The lives recounted in The Daily Telegraph are of course British lives, and were all written by Hugh Massingberd. Absorbing British writing and lives takes you away from the species generally acknowledged here in the States to an array of aristocrats and titled peers whose walk through life is completely unlike what we're used to reading about. Take the Earl of Carnavon, Henry George Alfred Marius Victor Herbert, "Porchy, "a most uncompromisingly direct ladies' man" who liked staying at the Ritz, not necessarily with a room overlooking the park, "but rather one that overlooked the rent."

From these compilations are not necessarily the last words that will ever be written about these people, but are the last words written immediately after they've died. Some people will it seem never die. We're going to keep hearing about them for decades, perhaps centuries, depending on their place in history.

Take former president Lyndon Johnson. He's been dead since 1973, but as long as Robert Caro keeps pumping out words, the man will never leave our consciousness. There must be a biography published about Winston Churchill almost annually, and he left us in 1965.

Very few of us ever reach the perpetual exalted heights of notoriety. And very few of us even reach a bylined obit in any newspaper.

The current observed form of a NYT obit is to leave us with a final word, something said by the individual themselves, or said about them, that leaves us with an appreciation of how their life was lived.

I've been reading obits now for decades, but lately I've become very aware of the age of the deceased in relation to my age. Once upon a time they were always older than me. Now, not necessarily. Those that are at least 10 years younger than me really get my attention. I re-read the cause of death, if given. It is often suicide. This always adds an extra element of sadness to the obit. Someone checked themselves out, yet had accomplished enough to get a tribute notice.

Take Alan B. Krueger, an economist who reshaped policymaking, who has passed away at 58, apparently of a suicide.

Mr. Krueger gets a full six columns, along with two photos, one of which is his standing next to President Barack Obama as he's being introduced as the Chairman of Economic Advisers in a Rose Garden ceremony in 2011.

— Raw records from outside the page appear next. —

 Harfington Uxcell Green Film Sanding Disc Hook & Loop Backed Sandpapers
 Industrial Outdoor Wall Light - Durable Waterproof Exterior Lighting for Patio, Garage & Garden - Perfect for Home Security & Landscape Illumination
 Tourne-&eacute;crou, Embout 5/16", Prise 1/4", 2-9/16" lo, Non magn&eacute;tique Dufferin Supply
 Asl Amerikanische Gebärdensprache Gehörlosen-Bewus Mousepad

I like to read about leading-edge scientists, Nobel Prize winners and noted anyone who was a stand-out in their scientific field. Economists are particularly appealing to me because they don't just try and tell where the market is going, (if they are even doing that) they create studies that try and explain behavior driven by economic conditions.

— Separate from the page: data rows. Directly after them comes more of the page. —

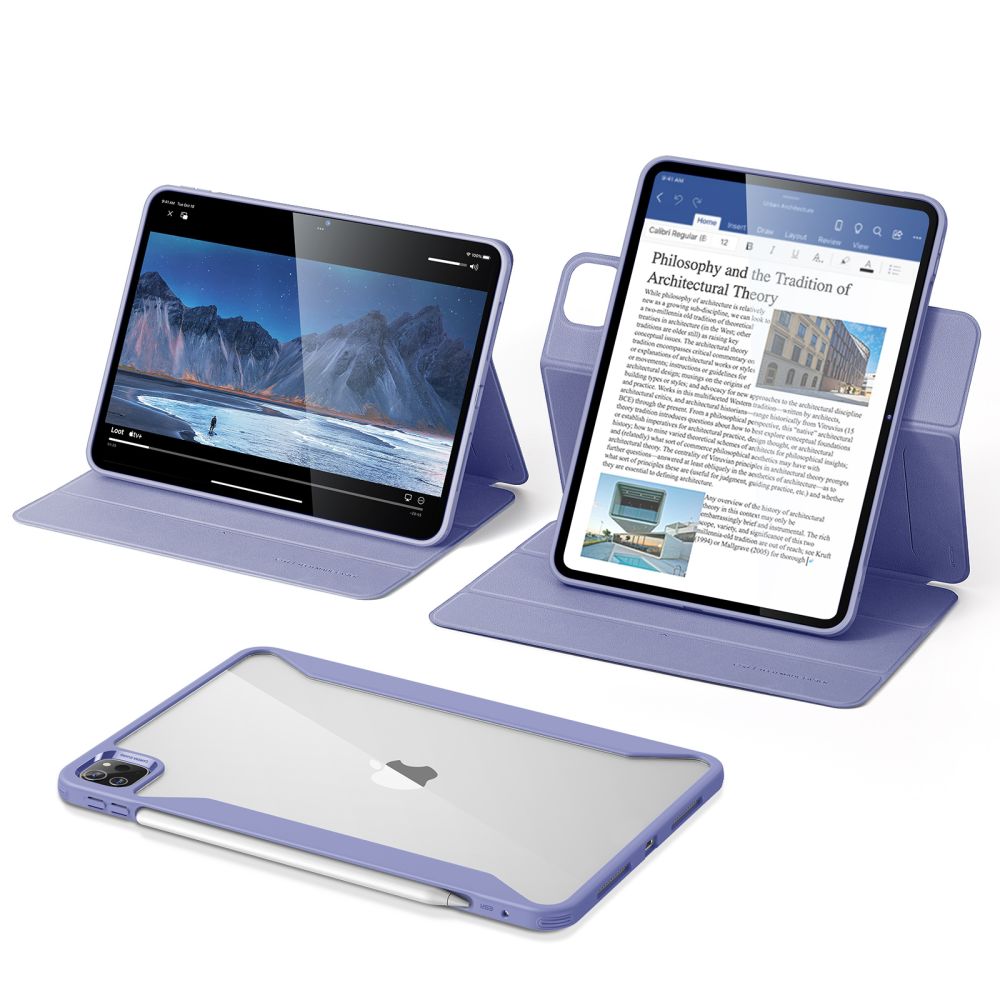 Etui til Apple iPad Pro 13 (2024), ESR, Rebound Hybrid, Lilla
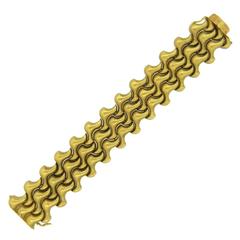 Mario Buccellati Large Gold Wave Bracelet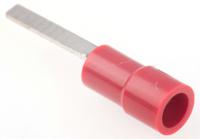 613-9700 RS PRO Insulated Crimp Blade Terminal 13mm Blade Length, 0.5mm² to 1.5mm², 22AWG to 16AWG, Red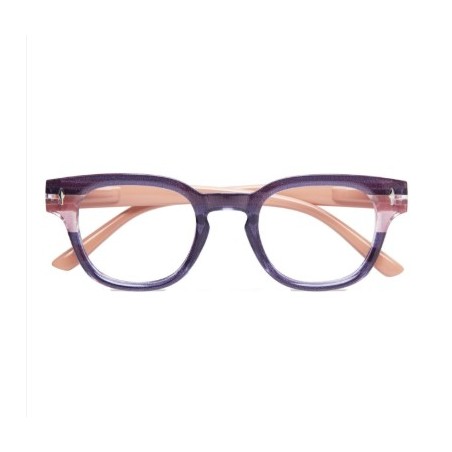 Occhiale da lettura premontato twins gold funk viola-rosa +3.50 1 paio
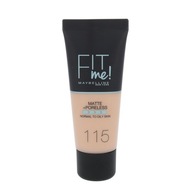 MAYBELLINE Fit Me Foundation 115 Ivory 30ml MAYBELLINE Fit Me Foundation 115 Ivory 30ml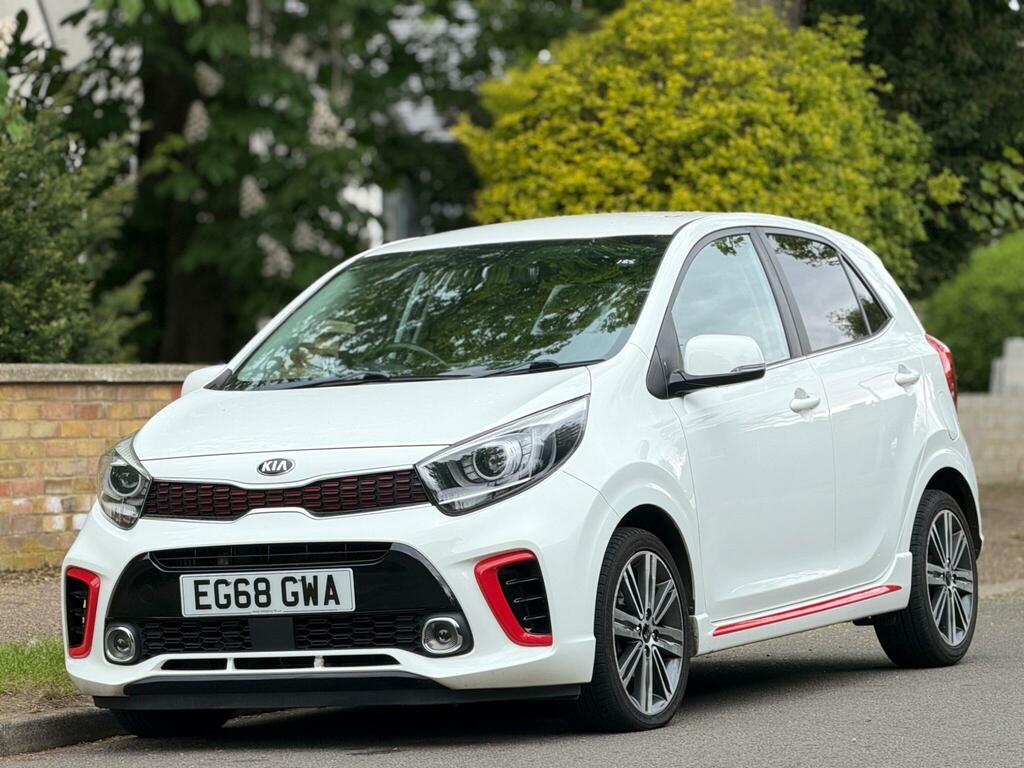Kia Picanto 1.0 T-gdi Gt-line Euro 6 EG68GWA White #5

Studies done by economists always entertain me because they seem to be trying to answer questions I certainly never thought of. 

Should tax credits be given to businesses that offer new employment? Does poverty cause terrorism? Does raising the minimum wage cause there to be a decrease in low-wage employment? Do occupational licensing rules rules impede workers from seeking better-paying jobs?

Mr. Krueger did plenty of research driven off extensive surveys. He had an absolute Ivy League pedigree, wife, children, and success and respect that leave you wondering what was it that made him take his own life? Of course, that question is not part of the obit, and reminds me of the great W.H. Auden poem,  'The Unknown Citizen,' that ends with:

Was he free? Was he Happy? The question is absurd:
Had anything been wrong, we should certainly have heard.

The obit closes with words from Mr. Card, a frequent contributor with Mr. Krueger:

"He had headlights that went a lot further in the dark than anybody else."